On my way to college, I began to freak out. I can’t throw myself into this hypersexual environment without some experience, I reasoned. Honestly, another part of me was embarrassed that I was so ‘behind’ on the sexual bell curve. So I made the mistake of settling that summer. It was nowhere near sexual assault. I wouldn’t even call it harassment. It deserves a new category; sexual manipulation. Guilt and frustration that made me feel I was doing something wrong, like I owed him something. The summer was ending. I had told him it was clipped once I left for college, so he was in quite the hurry to lose his virginity. I remember one day we were kissing in a park (like kids with strict parents do). He was reluctant to leave our hookup at just kissing and walk home like I wanted, so he said, “you’re a headache sometimes, you know that?”

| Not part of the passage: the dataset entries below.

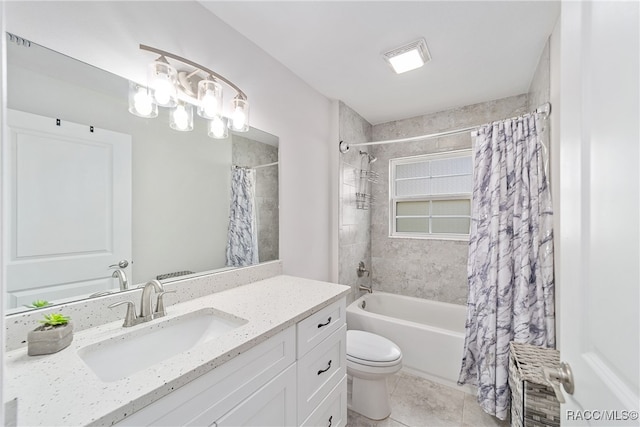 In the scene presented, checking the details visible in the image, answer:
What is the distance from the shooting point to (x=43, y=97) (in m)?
0.87

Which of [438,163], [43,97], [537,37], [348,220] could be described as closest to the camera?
[43,97]

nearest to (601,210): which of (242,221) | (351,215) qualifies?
(242,221)

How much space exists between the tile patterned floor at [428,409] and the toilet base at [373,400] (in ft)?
0.10

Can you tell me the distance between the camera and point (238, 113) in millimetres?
1448

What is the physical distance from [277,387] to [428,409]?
1390 mm

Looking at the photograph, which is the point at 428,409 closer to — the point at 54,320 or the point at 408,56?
the point at 54,320

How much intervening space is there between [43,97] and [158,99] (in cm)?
37

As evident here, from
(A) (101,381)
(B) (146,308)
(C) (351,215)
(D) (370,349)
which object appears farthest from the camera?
(C) (351,215)

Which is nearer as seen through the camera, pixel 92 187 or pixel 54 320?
pixel 54 320

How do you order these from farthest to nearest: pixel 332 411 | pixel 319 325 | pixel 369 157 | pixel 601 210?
1. pixel 369 157
2. pixel 332 411
3. pixel 319 325
4. pixel 601 210

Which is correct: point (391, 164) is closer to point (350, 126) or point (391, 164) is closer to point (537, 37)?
point (350, 126)

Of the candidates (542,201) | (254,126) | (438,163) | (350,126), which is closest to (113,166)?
(254,126)

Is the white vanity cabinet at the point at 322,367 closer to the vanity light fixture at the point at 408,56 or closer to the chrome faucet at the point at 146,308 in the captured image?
the chrome faucet at the point at 146,308

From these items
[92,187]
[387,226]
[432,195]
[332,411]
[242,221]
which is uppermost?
[432,195] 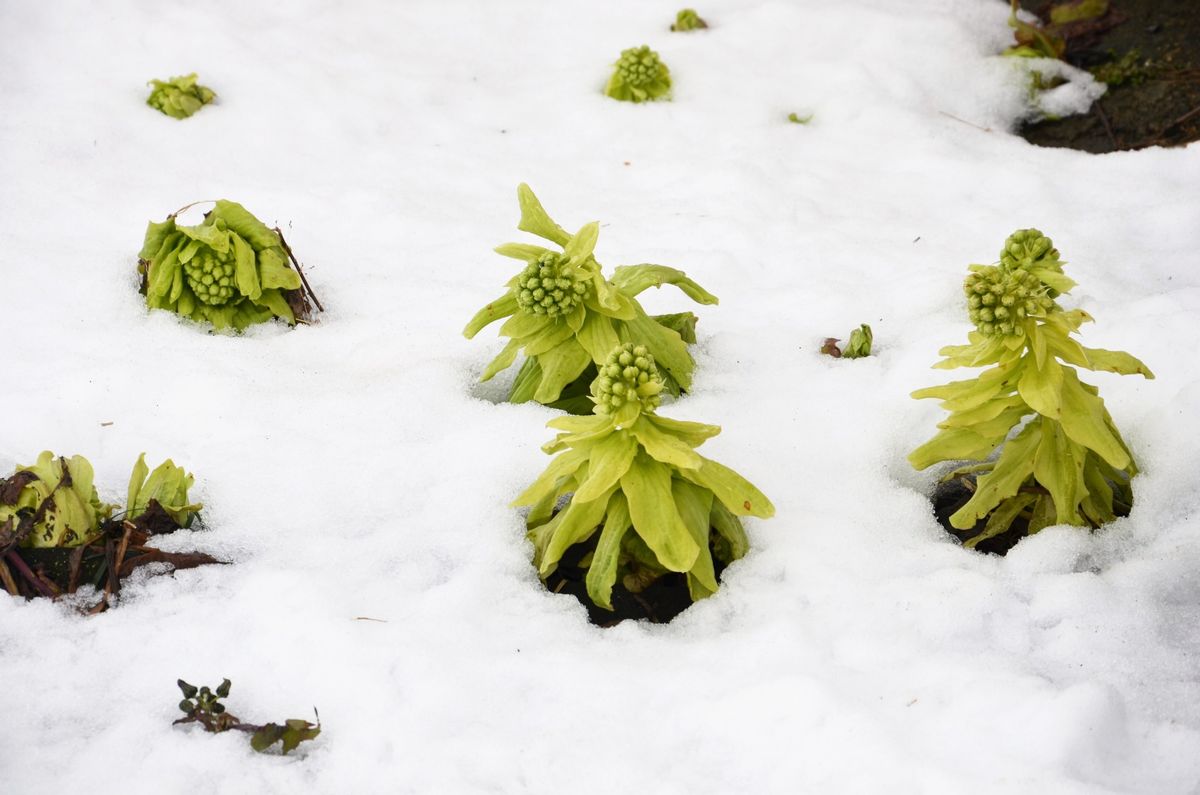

“I’m so sorry,” he apologized immediately. “That was a messed up thing to say.” He knew it was wrong to be frustrated with me, but the frustration itself was agonizing. Not to mention, it’s not like he changed his behavior. He liked to attempt to rectify these kinds of situations and comments with “I care so much about you” or “I don’t know what I would do if I didn’t have you (–to be my therapist”, he meant of course)”. If that was true, why can’t you touch me like it? I wanted to scream at him. I began to avoid all situations that could be sexual, and eventually I told him we were taking sexual intimacy out of our relationship altogether. I looked all over the internet to try and understand why sexual intimacy seemed so especially difficult for me. There must be something wrong with me, I reasoned.

For a long time, I believed that. I concluded that I had a type of anxiety called ‘sex aversion’. I brought it to a therapist, who concluded that I probably had some second hand trauma. But I came to realize all of this was irrelevant; ultimately, they were for the purpose of trying to acclimate myself to a casual, transactional kind of sexual activity I didn’t even want. In fact, I didn’t even want to want. When I got into a relationship with mutual respect, where I was being touched the way I wanted to be, I finally understood that, yes, my way is possible. And there was something wrong with everyone else for ever making me feel like I was abnormal.

I tried to understand myself in the common narrative, and no one had an answer for me. Because the common narrative stresses casual sex. But sex is nuanced. I’m not a prude. I’m not insecure about my body, or embarrassed by the thought of sexual activity. I just want to be touched the way I want. I need trust, and I want to be comfortable; someone who understands that I need patience when I’m afraid. Someone who understands that ‘blue balls’ is not cancer (yes, a guy has genuinely tried to convince me he needed to go to the hospital for it). It is important to dispel stigmas around promiscuity, promote body positivity, and it is equally important to applaud abstinence or sexual reservation for any and all reasons. It’s sad that I have to say this, but my body is mine. Until I see the utmost respect for being sexual the way I please, I can damn well please myself.